Alain Jessua est un cinéaste subtil et discret. De « La Vie à l'envers » (1963) à cet étonnant, au sens propre du mot, « Traitement de choc »,on ne trouve que le meilleur film jamais réalisé sur l'univers de la bande dessinée « Jeu de massacre » (1967). Trois films en dix années, c'est la preuve d'une rigueur dans le choix du sujet comme dans celui de la qualité. Jessua, en fait, a toujours voulu ne montrer que ce qu'il avait à dire, profondément.
Il s'en explique (Revue du cinéma.

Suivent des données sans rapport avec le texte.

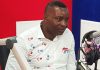 Mahama Is the King of “Corruption”- Wontumi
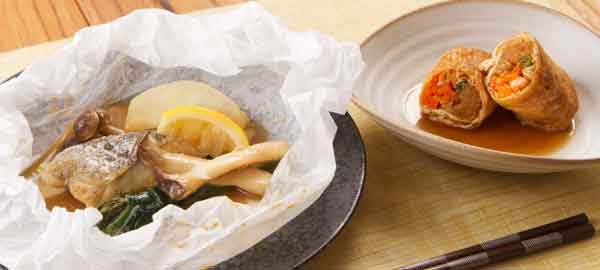 Kit2人前 白身魚の奉書焼き ごま味噌風味 有機野菜 通販 oisix おいしっくす Kit2人前 白身魚の奉書焼き ごま味噌風味 有機野菜 通販 oisix おいしっくす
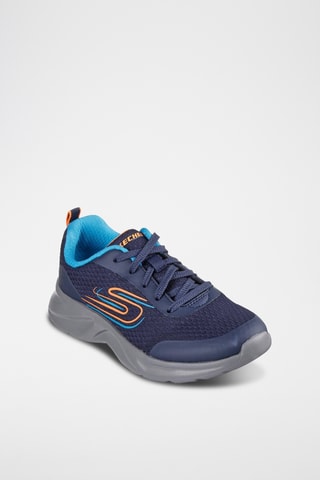 Zapatillas - Azul marino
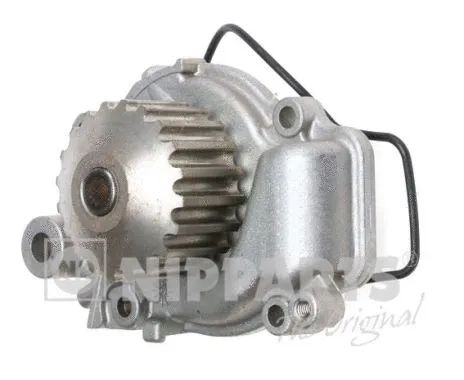 Water Pump, engine cooling (J1514016)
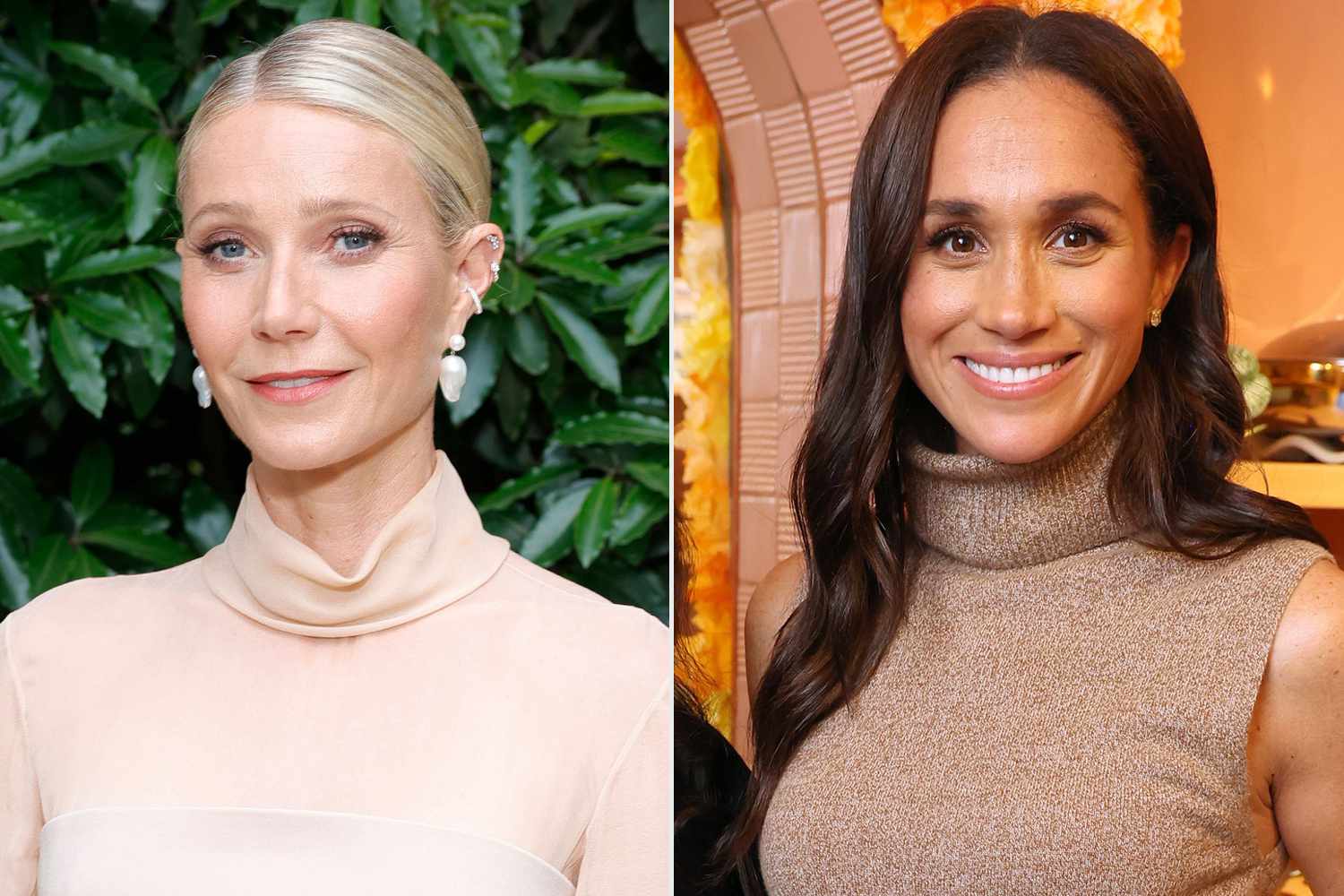 Meghan và Meghan và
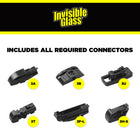 
                    
                      Invisible Glass Ceramic Silicone High Endurance Wiper Blade 28" - Stoner Car Care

Janvier 1973) en ces termes : « Il s'agit d'un film d'angoisse, de suspense... En fait, d'une fable, d'une fable d'épouvante, où l'humour trouve sa place de temps en temps, alors que tout devient de plus en plus angoissant... Cette femme se trouve placée, à un certain moment de son existence, devant un dilemme continuer à vivre tranquillement, supposant qu'il se passe de drôles de choses dans cet institut, ou essayer d'y voir clair, mais en prenant de plus en plus de risques. »
Jessua va jouer le jeu jusqu'au bout : certains trouveront terrifiant la fin de son film, d'autres non et, en fait, pour les mêmes raisons. Le cinéma français n'a jamais aimé l'épouvante, fût-elle subtile comme ici. L'atmosphère qui règne dans « Traitement de choc » n'est pas celle qui naît dans « L'Autre ». Elle a une qualité de fausse tendresse, de clin d'œil inachevé, de superbe indifférence. Il faut dire que Jessua a trouvé, avec Delon, avec Duchaussoy, avec la fabuleuse Annie Girardot, un trio de comédiens qui réussissent, constamment, à faire croire, à la fois, à leur réalité concrète et au décalage infime entre le solide et l'inquiétant.
Film fascinant, film qui laisse, longtemps après sa vision, un souvenir tenace, « Traitement de choc » est une œuvre lucide, moderne, malgré sa lenteur voulue du début et qui joue ( trop ) subtilement avec les nerfs de spectateurs parfaitement à même de se découvrir dans cet univers, apparemment vu par un seul personnage, mais qui nous montre notre propre vie. Montrer aussi clairement un personnage « réaliste » dans un monde qui sombre dans la folie était une gageure : Alain Jessua y réussit parfaitement. Trop, diront certains.